E.g.: There's a Lv2 Cleric spell that gives +20 to a skill check (Guidance of the Avatar), which is comparable to a Lv8 Wizard spell. A Lv1 Cleric spell does nearly as well (Divine Insight), as does a Lv1 Bard spell (Improvisation), and of course there's a Lv3 Bard spell that does a +30 on one particular skill (Glibness) and so on.
Maybe the rule is Wizards can't heal? Well, Synostodweomer, Limited Wish, and Wish would like to disagree...
So basically, plan to take all spells out of D&D and redo things from scratch. Once you do that, you could certainly make a systematized magic system, and it'd probably be pretty interesting.

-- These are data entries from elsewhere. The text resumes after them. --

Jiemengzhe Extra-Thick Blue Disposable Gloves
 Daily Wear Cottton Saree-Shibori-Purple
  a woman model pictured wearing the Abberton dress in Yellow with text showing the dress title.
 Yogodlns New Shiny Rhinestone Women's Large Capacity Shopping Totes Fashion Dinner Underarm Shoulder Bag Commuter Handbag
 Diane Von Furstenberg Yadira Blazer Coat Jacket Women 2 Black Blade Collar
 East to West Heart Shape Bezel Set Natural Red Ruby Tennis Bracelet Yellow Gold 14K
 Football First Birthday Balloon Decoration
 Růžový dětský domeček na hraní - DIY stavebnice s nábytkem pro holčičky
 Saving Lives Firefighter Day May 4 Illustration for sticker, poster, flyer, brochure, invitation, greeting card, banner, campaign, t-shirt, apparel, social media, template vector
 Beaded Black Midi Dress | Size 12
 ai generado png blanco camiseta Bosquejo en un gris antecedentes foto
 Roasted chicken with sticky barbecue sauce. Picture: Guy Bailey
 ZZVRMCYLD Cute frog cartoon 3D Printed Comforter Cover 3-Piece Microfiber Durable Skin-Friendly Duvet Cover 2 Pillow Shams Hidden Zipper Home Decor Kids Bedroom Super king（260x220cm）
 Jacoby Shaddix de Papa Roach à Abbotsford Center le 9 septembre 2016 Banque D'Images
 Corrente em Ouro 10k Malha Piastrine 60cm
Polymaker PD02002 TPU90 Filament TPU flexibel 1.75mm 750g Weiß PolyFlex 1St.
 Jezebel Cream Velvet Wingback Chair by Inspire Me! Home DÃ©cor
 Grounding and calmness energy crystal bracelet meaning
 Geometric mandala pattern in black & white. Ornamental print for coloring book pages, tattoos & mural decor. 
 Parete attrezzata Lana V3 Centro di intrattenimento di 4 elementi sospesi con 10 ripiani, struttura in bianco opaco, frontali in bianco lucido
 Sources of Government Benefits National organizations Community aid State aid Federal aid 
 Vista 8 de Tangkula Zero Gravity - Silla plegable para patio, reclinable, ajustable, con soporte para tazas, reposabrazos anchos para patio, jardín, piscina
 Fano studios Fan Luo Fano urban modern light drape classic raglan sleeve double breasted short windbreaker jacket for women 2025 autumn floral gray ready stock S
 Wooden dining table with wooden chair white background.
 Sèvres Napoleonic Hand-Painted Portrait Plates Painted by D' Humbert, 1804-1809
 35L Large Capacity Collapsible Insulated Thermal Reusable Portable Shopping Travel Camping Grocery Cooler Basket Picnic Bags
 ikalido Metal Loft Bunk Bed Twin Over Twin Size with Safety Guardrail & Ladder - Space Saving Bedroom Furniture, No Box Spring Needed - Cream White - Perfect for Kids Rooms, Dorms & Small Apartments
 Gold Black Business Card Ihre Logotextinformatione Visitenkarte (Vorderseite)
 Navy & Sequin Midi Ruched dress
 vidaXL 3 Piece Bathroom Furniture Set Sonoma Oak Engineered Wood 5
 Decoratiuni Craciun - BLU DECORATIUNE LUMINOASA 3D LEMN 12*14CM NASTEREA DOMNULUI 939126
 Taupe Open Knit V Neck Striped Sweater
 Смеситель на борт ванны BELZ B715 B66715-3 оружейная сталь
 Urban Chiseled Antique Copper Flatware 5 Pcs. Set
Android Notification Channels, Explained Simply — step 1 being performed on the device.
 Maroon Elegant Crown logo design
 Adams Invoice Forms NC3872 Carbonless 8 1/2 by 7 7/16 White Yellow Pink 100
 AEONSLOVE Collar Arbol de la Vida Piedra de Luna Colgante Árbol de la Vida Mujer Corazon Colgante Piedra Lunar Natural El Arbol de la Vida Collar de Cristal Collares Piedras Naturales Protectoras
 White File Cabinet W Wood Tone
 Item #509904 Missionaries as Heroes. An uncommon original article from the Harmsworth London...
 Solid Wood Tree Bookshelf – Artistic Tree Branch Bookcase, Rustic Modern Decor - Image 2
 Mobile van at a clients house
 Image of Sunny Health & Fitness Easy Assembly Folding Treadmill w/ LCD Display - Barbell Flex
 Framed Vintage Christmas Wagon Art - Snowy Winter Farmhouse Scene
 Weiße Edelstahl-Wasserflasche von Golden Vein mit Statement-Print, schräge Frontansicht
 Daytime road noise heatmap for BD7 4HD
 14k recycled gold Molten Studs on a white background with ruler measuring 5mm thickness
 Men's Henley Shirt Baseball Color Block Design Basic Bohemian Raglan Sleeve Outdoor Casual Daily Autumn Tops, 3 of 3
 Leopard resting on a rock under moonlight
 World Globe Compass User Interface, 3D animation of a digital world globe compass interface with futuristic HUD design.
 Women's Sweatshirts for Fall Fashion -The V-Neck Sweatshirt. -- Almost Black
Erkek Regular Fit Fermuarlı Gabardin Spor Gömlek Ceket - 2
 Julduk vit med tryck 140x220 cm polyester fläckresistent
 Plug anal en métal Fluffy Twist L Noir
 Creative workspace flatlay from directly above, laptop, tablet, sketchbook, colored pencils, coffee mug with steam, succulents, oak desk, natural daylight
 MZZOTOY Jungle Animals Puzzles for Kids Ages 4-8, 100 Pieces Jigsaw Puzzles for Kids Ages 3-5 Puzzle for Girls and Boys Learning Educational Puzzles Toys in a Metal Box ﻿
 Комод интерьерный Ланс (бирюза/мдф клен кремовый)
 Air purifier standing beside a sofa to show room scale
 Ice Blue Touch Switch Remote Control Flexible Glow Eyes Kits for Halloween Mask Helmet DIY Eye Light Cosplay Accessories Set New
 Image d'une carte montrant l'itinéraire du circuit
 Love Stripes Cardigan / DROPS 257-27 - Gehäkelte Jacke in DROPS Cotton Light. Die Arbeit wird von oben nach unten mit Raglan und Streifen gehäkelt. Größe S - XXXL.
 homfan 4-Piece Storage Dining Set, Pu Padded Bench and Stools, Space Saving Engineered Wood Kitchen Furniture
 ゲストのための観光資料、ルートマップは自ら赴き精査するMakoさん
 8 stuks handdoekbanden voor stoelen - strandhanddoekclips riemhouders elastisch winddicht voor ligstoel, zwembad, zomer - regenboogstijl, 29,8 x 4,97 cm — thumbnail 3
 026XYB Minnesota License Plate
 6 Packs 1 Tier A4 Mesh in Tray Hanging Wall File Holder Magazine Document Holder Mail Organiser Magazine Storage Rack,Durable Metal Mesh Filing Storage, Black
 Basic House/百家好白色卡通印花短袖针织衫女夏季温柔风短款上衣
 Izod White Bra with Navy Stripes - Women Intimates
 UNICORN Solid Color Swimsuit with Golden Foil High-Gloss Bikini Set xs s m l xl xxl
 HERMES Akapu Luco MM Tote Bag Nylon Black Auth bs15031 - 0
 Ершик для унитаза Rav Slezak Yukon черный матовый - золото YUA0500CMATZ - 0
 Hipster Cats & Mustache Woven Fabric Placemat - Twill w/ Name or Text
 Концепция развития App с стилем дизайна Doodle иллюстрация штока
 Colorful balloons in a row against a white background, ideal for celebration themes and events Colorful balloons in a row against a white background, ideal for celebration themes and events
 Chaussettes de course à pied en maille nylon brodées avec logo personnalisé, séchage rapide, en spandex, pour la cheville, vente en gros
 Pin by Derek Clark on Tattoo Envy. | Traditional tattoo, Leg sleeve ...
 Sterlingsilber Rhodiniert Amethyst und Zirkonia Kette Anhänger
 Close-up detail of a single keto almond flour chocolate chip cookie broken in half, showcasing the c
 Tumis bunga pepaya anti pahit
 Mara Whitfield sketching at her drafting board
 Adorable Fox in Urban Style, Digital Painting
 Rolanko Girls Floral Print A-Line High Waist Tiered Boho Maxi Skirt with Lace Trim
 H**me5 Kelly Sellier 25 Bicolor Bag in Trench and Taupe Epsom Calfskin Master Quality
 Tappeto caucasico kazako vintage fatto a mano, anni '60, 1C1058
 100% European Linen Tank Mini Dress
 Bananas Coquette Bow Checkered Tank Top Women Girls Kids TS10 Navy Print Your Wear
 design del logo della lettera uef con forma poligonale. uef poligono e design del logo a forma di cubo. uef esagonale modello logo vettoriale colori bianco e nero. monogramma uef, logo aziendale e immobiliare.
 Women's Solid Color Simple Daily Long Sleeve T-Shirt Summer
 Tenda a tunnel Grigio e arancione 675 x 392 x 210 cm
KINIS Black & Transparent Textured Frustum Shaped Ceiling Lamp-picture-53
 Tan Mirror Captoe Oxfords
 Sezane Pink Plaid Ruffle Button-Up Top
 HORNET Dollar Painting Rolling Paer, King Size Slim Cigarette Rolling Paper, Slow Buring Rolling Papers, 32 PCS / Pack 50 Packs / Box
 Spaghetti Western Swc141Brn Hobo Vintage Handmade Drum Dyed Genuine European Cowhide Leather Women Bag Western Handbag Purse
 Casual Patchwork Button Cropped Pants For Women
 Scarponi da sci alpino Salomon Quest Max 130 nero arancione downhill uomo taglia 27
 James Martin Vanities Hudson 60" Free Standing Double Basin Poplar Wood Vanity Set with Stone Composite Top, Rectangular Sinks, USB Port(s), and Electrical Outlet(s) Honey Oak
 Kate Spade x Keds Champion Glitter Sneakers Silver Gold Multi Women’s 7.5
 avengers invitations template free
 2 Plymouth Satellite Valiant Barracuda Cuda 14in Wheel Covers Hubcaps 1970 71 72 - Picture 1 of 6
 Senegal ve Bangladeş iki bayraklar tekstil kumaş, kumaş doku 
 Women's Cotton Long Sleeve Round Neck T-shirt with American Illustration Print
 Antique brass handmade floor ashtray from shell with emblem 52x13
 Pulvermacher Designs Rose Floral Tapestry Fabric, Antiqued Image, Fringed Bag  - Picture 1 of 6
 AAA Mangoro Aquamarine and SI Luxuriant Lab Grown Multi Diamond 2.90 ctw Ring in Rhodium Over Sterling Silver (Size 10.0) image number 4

If you just want a fluff explanation of magic, there's nothing stopping you really, but I think it has to have some actual impact on resolution of game to feel like it actually applies. Maybe spells are granted by spirits of the elements a la L5R, in which case you can wheedle and bribe them to exceed the normal bounds of magic, but you can also piss them off and not get a response for awhile. Maybe they're energy beamed from a facility built long ago by a powerful empire of transcended beings, where a computer looks for the appropriate symbols and routes power to those that express them. You could do a lot of interesting stuff.
For example, I'm currently in a campaign where every elemental metal has a unique and specific property, and you can combine them to make machines but it actually has to make sense. So we've got a metal that makes electric currents, a metal that reduces mass, a metal that produces heat, a metal that cools down, a metal that produces gravity, etc, and we can turn them into motors, tasers, bullet-proof armor, whatever if we can design such a thing using the elements we have access to.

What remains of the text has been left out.